PROVIDED INFORMATION ->
____________

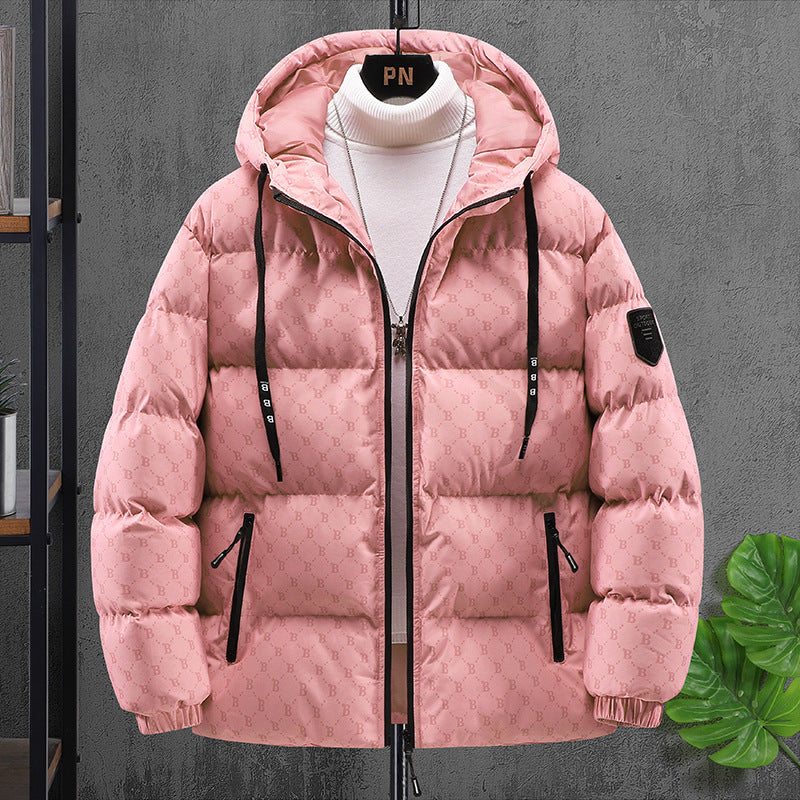 UrbanLuxe—Printed Hooded Puffer Jacket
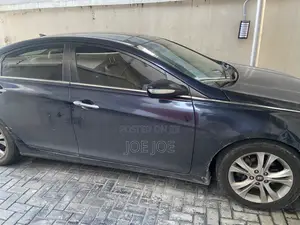 Hyundai Sonata 2013 Blue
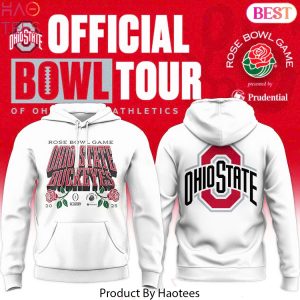 2025 Rose Bowl Game Ohio State Buckeyes Hoodie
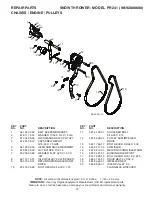 Предварительный просмотр 37 страницы Poulan Pro PR240 Owner'S Manual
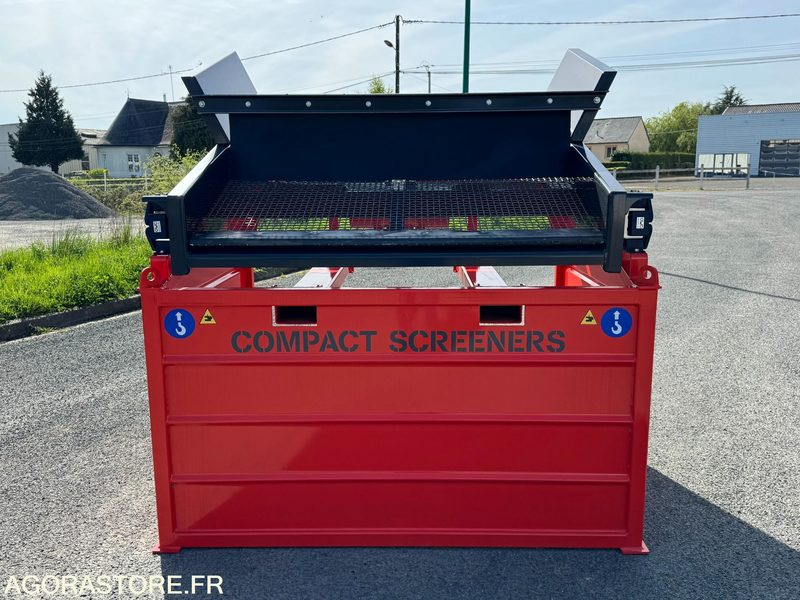 Cribleur CS10-30 COMPACT SCREENERS - Пресевна инсталация: снимка 4 Cribleur CS10-30 COMPACT SCREENERS - Пресевна инсталация: снимка 4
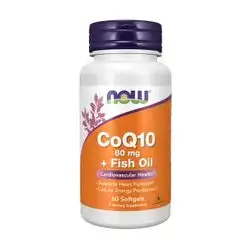 CoQ10 60mg + Fish oil 60 Sotgel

____________

TO DO -> Only the lines from the one with "Предварительный просмотр 37" through the final line of the entries above are to be repeated, exactly as written and without pictures.

RESULT OF THE TASK ->
 Предварительный просмотр 37 страницы Poulan Pro PR240 Owner'S Manual
 Cribleur CS10-30 COMPACT SCREENERS - Пресевна инсталация: снимка 4 Cribleur CS10-30 COMPACT SCREENERS - Пресевна инсталация: снимка 4
 CoQ10 60mg + Fish oil 60 Sotgel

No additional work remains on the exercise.